Day Two of the Oceania Cup saw Australia women record a 25-0 victory against Samoa which guaranteed an Australia v New Zealand Oceania Cup final on Sunday 25 October.
This result meant that Japan, not involved in this continental championship, qualified for the Rio 2016 Olympic Games.
Japan's qualification was confirmed due to the fact that the winner of the Oceania Cup will qualify for the 2016 Olympic Games as Oceania continental champions, while the loser of the final, whether Australia or New Zealand, will qualify from their ranking at the Hockey World League Semi-Final.
As a result, this opened up a further qualification spot which Japan secure as the team who ranked highest at the Hockey World League Semi-Finals not already qualified.

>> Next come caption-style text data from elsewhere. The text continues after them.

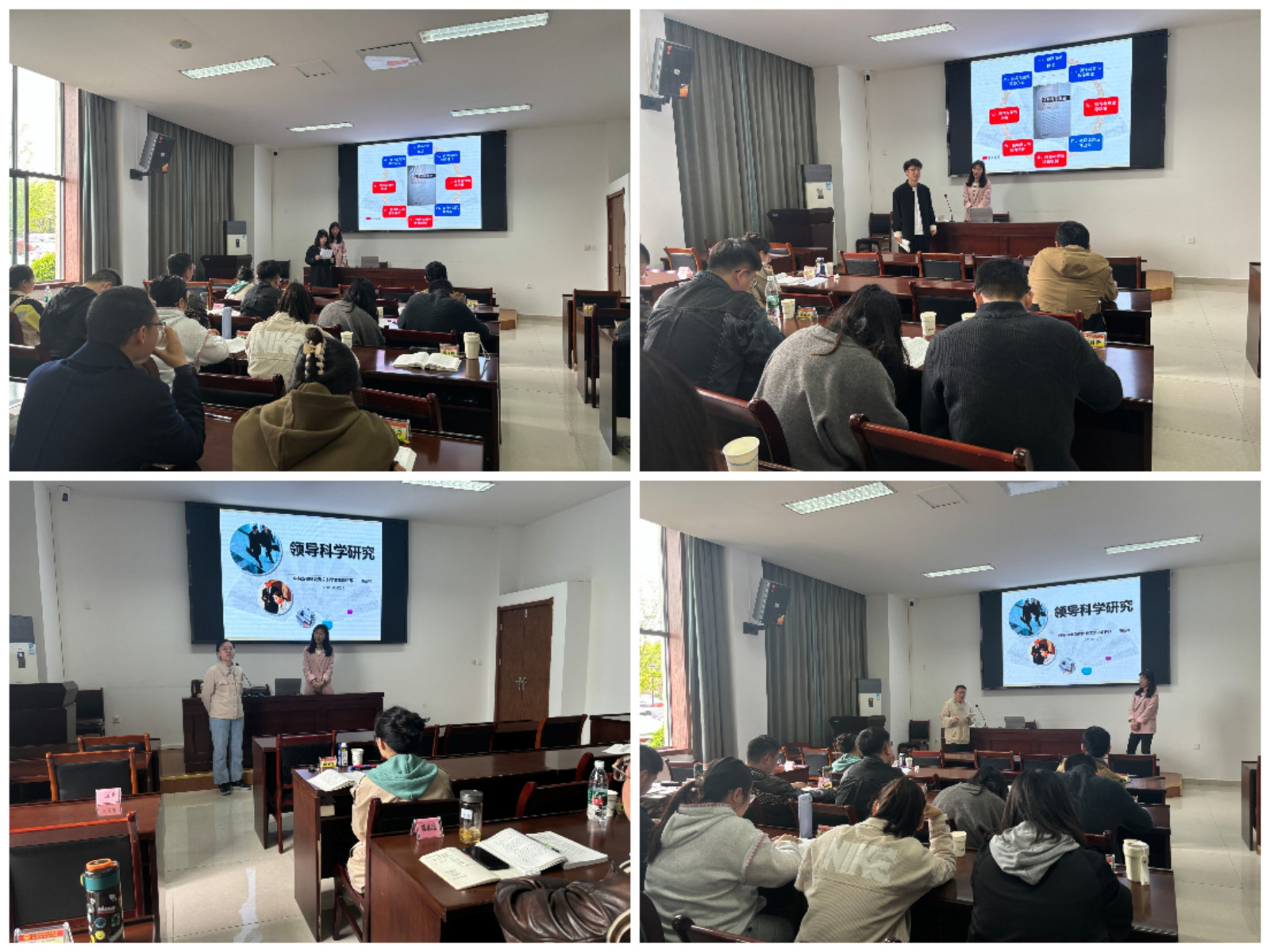 1713251071193 1713251071193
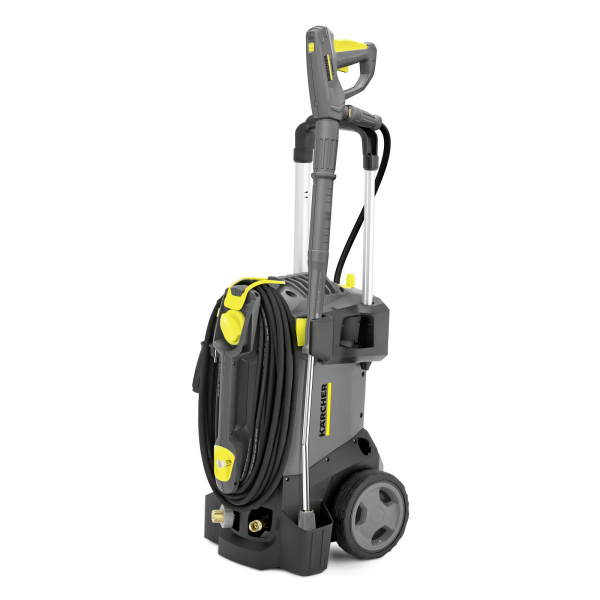 ��������� �������� �������� Karcher HD 5/15 C Plus 2800�� 15-150��� 500�/� ����� 10� 26.133�� 1.520-931.0 - �������� 1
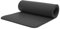 Pilatesmatte Yogimat® Pilates - Basic Schwarz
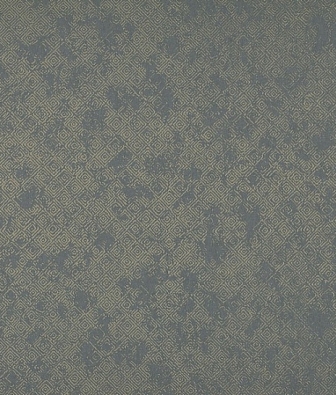 ���� ProSpero Tailor 73430372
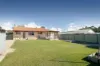 30 Cadiz Street, Bray Park, Qld 4500-Image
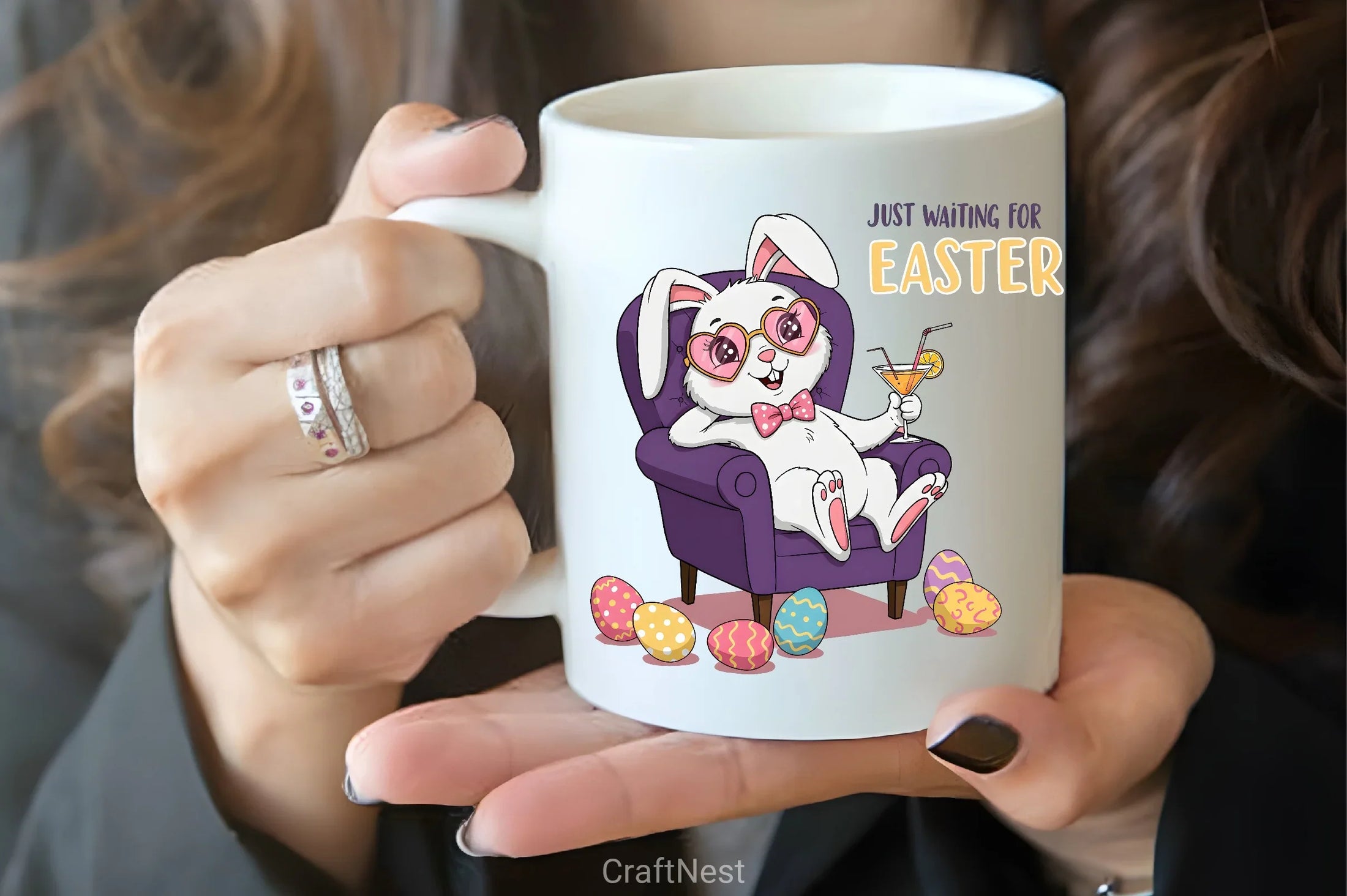 Art Nouveau Junk Journal Pages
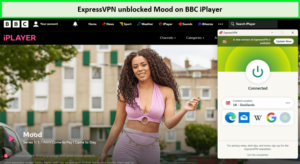 expressvpn-unblocked-mood-on-bbc-iplayer (2)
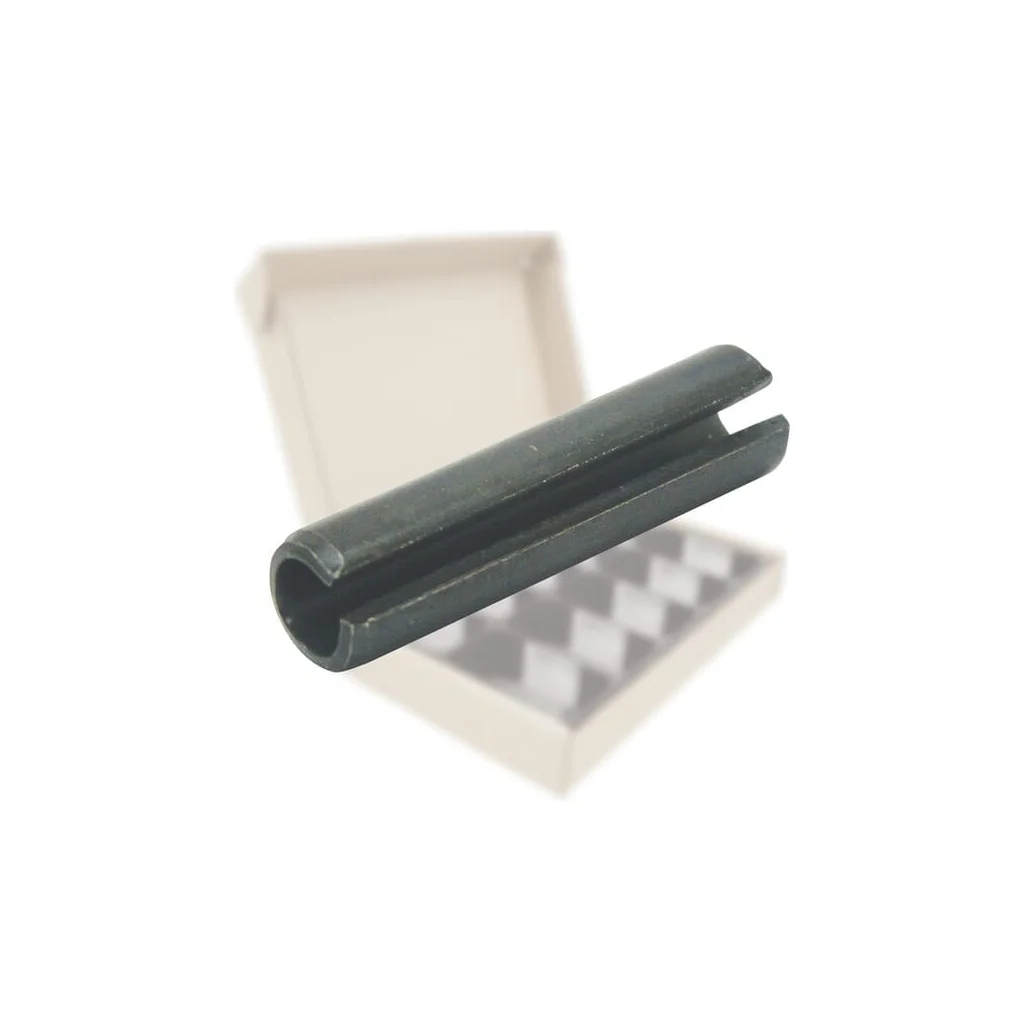 [AMAT2-334494] Sortiment de sertare DIN 1481/ISO8752 7-12mm KWS00402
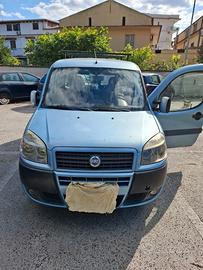 Doblo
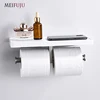 Bathroom Fixtures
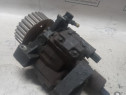 Pompa injectie Nissan Juke 1.5 2011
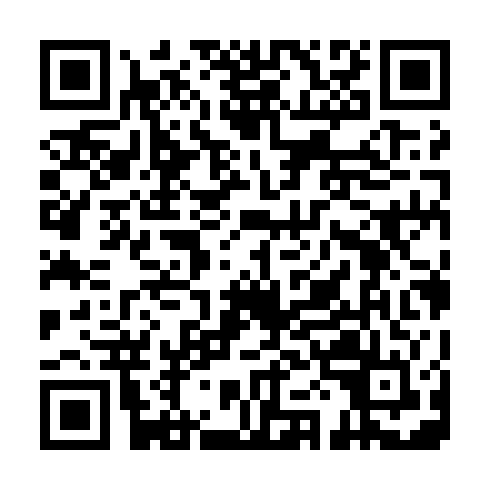 QR code for plate UCW 422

Jodie Kenny opened the scoring for Australia's Hockeyroos in the fifth minute and then went on to score a hat trick – two penalty corners and a penalty stroke. Emily Smith scored four goals, while Brooke Peris and Ashleigh Nelson also scored hat tricks.
In an astounding period of play in the first quarter, the Hockeyroos scored three goals within a one minute time frame.
The match was a memorable one for Laura Barden, as she scored her first goal while wearing the green and gold since making her debut in September.
Australia Coach Adam Commens, said: “Its difficult playing a team like Samoa in terms of trying to play the way you want but trying to be respectful at the same time. I thought our girls did really well today.”
Fiji and Samoa met in international competition during Hockey World League Round One, a match that Fiji won 13-1.
Today's match demonstrated Fiji’s improvement over the past two seasons as they put 20 goals past a Samoa team that worked hard but were unable to cope with Fiji's pace and intensity.
The Samoans weren’t helped by patches of ill-discipline, which meant they played a quarter of the game with only 10 men on the pitch.
Leevan Dutta was the architect of much of Samoa’s downfall as he hit eight goals past Taumaloto Tuiuli in the Samoa goal.
Adrian Smith scored a further four goals and there was a brace a piece for James Saqacala, Martin Fong and Jerome Edwards. Mark Tapusoa of Samoa received a green, followed by a yellow card in a match that was feisty and competitive.
Speaking after the Fiji game, Laijipa Naulivou, Secretary of the Fiji Hockey Federation and Team Manager at the Oceania Cup, told FIH: "It's a great experience being here and playing against the likes of Australia and New Zealand. For a small nation like Fiji, we can learn a lot from some of the world's top ranked teams (Australia and New Zealand). It is also important for us to earn (FIH) world ranking points."
The third match of the day, between the host nation and Australia, was a cagey affair with the Kookaburras claiming bragging rights as they emerged 3-1 winners and moved to the top of the table.
The match looked set to be a Kookaburra onslaught when Jamie Dwyer scored in the first 20 seconds of the game, but New Zealand's Black Sticks regrouped and there was no further score, although there was plenty of fast-paced action at both ends.
Australia finally broke the deadlock and doubled their lead through Tom Craig in the 51st minute – a well-taken field goal.
The Black Sticks fought back and Hugo Inglis reduced the deficit four minutes later, another fine field goal. As the host nation pushed for the equaliser, Australia were able to capitalise on some gaps in the defence and Glenn Turner put the game beyond doubt in the 57th minute.
With one pool match each remaining for the four men’s teams, New Zealand and Fiji will play in a winner takes all game, with a place in the final against Australia and one last shot at Olympic qualification awaiting the victors.
Men: Fiji 20, Samoa 0; New Zealand 1, Australia 3.